Monday, July 16, 2007

<i>Cradle to Cradle: Remaking the Way We Make Things</i> by William McDonough and Michael Braungart

I like the material of this book---both the content and the material the pages were made of. The entire book is made of PET. As Dave said, you can read it in the tub. I never took advantage of that property.

The book is made out of PET to demonstrate a new idea in design (the design of everything---products, houses, cars, rugs, etc.) where the item when "used up" is not "thrown away" or downcycled (the authors' replacement term for recycling since most products that are recycled do not become products of the same quality of the original since the materials being recycled degrade on each cycle), but is instead completely reused in the same product it appeared in originally. Or the material becomes a "technical nutrient"---a material that took a lot of time and energy to extract originally and therefor is valuable if it can be maintained. With most current materials this is not possible due to chemicals used in processing. It turns out not to be very good for one to wear a shirt made out of old plastic bottles due to the chemicals used in bottle making---they were never intended to be worn against the skin.

The authors propose that designers consider this as they come up with product and choose materials and processes that are appropriate for long-term reuse. I like this idea, but I see it as very difficult to actually change, as even when pilot tests are run in large companies and prove these ideas out, the inertia of the management chain makes it very disheartening to think about.

The book is well written and easy to read.
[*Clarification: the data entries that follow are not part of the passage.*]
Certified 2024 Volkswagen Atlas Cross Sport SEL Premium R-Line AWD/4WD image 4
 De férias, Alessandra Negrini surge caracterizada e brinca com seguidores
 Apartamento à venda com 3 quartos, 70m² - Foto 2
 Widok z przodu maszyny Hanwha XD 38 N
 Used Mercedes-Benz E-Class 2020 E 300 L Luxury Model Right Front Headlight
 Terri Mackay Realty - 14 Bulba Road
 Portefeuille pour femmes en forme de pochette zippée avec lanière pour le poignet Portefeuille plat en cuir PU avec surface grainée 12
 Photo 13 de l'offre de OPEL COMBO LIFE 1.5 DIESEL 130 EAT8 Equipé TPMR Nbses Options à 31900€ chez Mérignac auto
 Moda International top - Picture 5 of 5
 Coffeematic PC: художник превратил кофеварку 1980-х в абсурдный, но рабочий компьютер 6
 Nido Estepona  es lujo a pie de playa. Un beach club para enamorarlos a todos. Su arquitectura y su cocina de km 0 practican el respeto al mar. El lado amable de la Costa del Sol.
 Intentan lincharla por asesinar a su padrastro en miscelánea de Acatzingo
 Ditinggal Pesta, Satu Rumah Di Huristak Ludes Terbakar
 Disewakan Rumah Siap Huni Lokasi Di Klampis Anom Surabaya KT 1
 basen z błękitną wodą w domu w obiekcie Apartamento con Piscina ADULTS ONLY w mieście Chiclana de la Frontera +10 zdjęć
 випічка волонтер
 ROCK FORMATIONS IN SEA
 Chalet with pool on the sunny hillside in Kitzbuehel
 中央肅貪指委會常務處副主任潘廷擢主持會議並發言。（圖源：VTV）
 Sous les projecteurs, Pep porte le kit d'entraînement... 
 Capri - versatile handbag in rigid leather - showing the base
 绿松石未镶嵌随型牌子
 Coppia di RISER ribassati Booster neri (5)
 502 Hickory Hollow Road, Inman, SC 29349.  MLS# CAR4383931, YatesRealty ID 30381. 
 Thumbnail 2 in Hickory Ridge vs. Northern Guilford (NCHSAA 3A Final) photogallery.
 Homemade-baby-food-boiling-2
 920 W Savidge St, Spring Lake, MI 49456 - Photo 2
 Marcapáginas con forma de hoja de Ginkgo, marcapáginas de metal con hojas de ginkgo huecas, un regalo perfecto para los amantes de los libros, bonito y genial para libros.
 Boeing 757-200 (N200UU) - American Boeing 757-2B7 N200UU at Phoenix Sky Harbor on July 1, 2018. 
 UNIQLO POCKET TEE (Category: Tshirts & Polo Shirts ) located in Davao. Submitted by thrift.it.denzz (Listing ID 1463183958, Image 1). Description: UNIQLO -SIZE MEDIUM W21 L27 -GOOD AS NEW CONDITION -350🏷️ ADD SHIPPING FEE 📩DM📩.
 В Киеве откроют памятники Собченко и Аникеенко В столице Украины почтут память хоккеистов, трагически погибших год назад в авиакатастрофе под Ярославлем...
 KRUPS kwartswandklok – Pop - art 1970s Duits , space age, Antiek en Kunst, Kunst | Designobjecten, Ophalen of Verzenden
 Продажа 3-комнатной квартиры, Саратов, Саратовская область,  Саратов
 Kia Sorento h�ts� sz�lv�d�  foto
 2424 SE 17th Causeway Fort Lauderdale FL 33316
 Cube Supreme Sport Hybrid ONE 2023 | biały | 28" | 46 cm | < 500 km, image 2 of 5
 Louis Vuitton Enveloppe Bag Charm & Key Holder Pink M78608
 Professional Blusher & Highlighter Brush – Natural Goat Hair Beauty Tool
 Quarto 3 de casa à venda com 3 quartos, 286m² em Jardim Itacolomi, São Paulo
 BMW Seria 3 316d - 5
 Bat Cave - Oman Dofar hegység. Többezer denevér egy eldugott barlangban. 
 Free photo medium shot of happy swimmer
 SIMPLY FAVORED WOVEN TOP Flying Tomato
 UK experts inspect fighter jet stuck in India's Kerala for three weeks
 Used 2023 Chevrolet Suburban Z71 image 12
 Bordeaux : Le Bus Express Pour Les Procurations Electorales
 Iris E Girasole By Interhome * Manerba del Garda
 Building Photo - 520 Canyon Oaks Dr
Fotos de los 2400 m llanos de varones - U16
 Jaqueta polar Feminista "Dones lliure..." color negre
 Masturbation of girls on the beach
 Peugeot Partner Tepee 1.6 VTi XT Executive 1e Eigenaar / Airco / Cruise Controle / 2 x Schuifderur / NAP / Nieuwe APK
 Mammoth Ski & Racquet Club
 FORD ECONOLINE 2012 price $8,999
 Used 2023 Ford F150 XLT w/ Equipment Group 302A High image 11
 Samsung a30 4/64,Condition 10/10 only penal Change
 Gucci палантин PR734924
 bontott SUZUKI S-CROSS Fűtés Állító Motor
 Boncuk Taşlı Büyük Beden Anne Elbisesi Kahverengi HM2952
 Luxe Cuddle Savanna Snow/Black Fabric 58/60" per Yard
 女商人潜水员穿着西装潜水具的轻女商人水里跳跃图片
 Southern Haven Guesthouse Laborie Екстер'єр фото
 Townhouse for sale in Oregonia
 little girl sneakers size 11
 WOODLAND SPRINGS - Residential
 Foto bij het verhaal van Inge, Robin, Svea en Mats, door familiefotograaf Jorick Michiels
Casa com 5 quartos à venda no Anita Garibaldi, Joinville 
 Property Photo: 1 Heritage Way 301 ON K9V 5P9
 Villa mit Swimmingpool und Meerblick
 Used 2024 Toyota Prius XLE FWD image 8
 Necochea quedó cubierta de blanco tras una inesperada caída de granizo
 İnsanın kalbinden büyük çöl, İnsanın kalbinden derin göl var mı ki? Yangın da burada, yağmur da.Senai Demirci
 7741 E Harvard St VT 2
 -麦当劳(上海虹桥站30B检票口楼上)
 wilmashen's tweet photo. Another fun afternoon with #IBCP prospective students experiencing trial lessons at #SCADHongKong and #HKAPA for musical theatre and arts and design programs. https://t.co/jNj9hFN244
I like the brightness of the PET pages as well. The biggest fault I see with the book is that it doesn't give much of a call to action. Nothing really tells me what I can do as a consumer to improve the situation.

7/10

1 comment:

  1. RE "...to improve the situation." True...each community offers different alternatives, some of which are wholly unsatisfactory -- as when a small city/suburban municipality requires recycling, and the separation of those items into different containers to be collected, but then turns around and trashes it all in the same field of broken dreams because there is no economical force available to forward the bulk or any portion of it that it might then be recycled in any of those ways that the average person can think of when they have been told for so long that x is made into y...and so forth. This is largely the case with too too much paper/cardboard, for instance, and is so common that one finds that even some municipal agents "think" things are being forwarded along an imagined pipeline until the local landfill agents (or press/media) lift up a problem with shrinking space owing to ... What? ... too much paper/cardboard being dumped by those who collect it on behalf of the municipality (that also requires recycling/separation). Nutz.